### [Entries shown]
· · ·

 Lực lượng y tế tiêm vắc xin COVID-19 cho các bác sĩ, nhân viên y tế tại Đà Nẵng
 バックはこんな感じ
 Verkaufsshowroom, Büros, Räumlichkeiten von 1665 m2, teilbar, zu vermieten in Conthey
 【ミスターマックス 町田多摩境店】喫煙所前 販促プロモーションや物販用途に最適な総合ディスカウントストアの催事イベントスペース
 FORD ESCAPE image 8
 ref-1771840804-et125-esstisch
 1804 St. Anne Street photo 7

· · ·

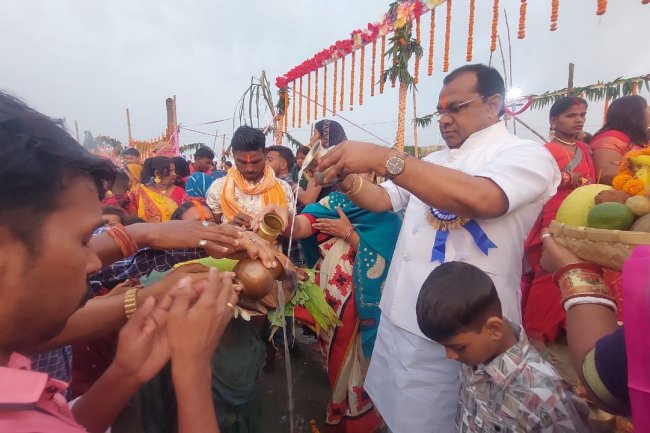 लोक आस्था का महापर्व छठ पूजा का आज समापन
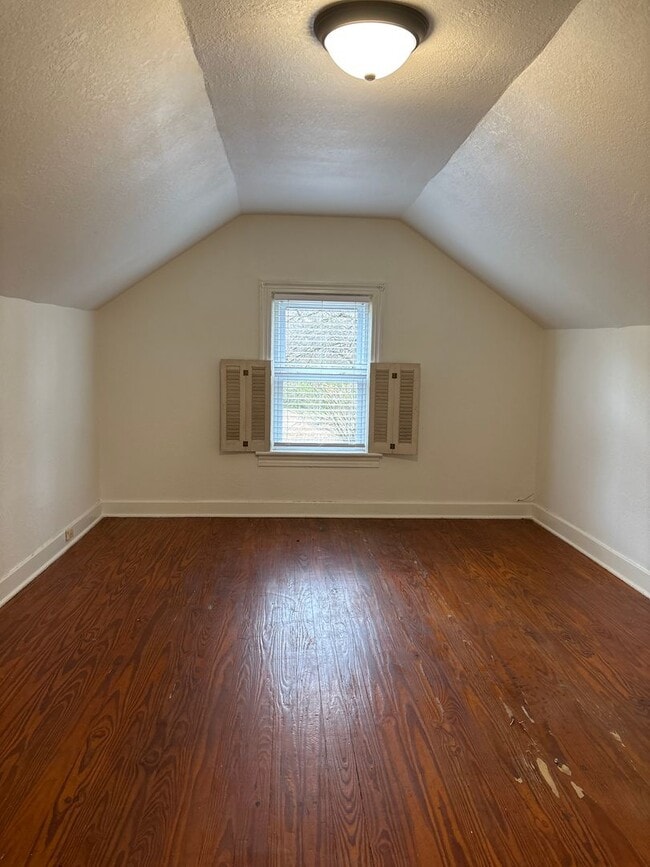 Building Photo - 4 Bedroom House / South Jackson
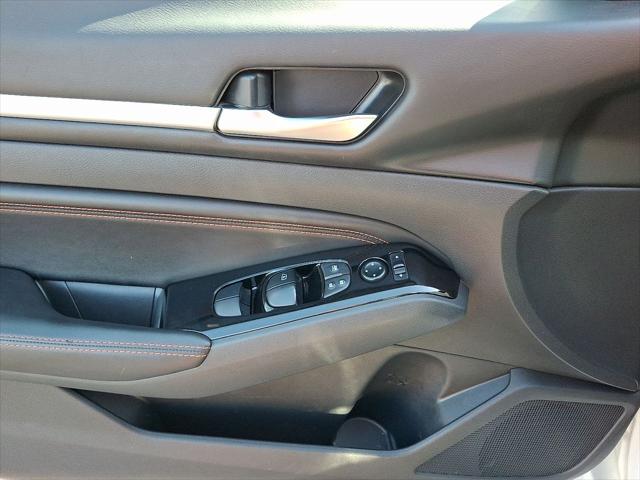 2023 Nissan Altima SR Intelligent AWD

· · ·

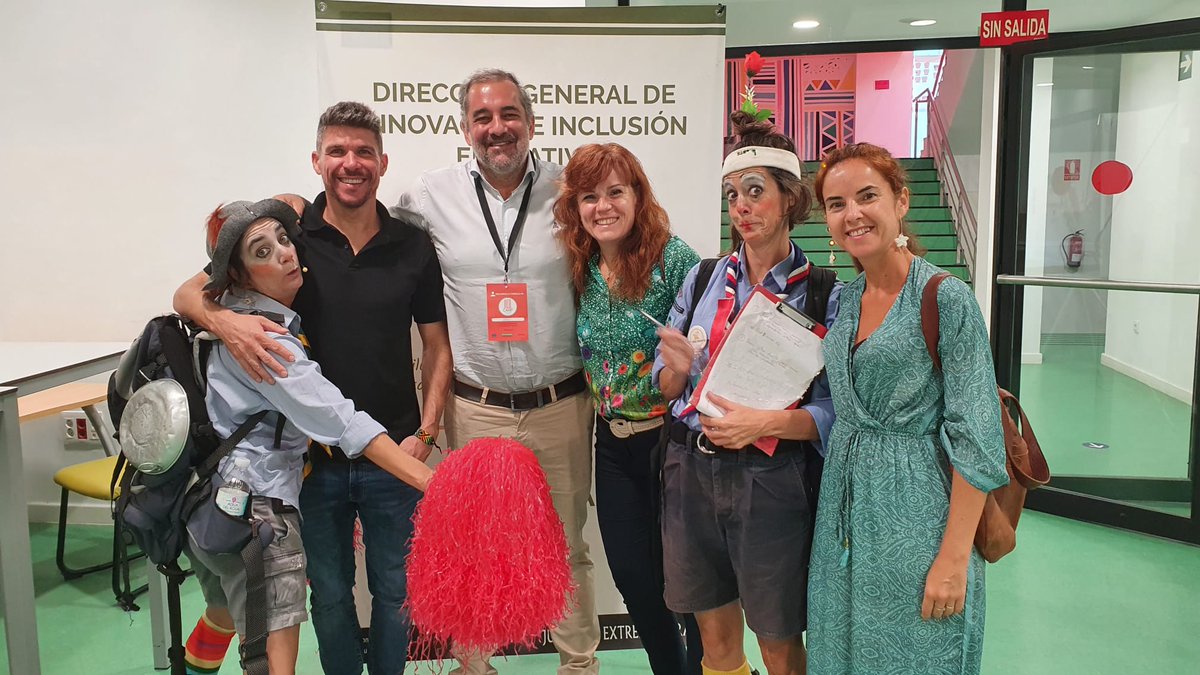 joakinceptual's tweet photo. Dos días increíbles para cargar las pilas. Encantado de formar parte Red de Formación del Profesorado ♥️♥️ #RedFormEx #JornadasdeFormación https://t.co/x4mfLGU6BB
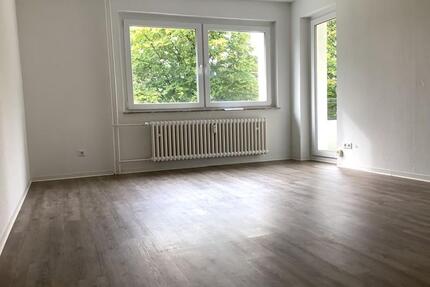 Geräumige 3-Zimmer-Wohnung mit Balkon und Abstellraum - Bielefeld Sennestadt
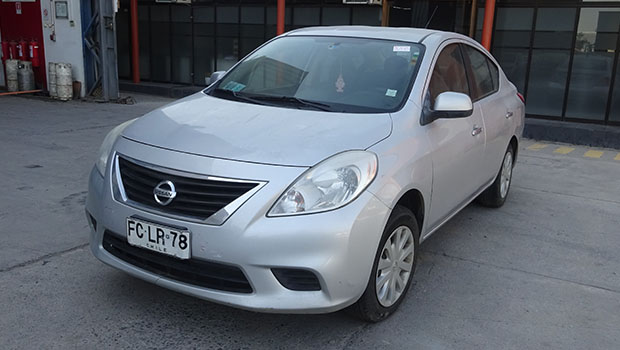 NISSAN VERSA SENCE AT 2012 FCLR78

· · ·

### [Required work]
Output only an exact transcription of the lines above from the one with "Lực lượng y" up to and including the one with "1804 St. Anne Street photo 7".

### [Result below]
 Lực lượng y tế tiêm vắc xin COVID-19 cho các bác sĩ, nhân viên y tế tại Đà Nẵng
 バックはこんな感じ
 Verkaufsshowroom, Büros, Räumlichkeiten von 1665 m2, teilbar, zu vermieten in Conthey
 【ミスターマックス 町田多摩境店】喫煙所前 販促プロモーションや物販用途に最適な総合ディスカウントストアの催事イベントスペース
 FORD ESCAPE image 8
 ref-1771840804-et125-esstisch
 1804 St. Anne Street photo 7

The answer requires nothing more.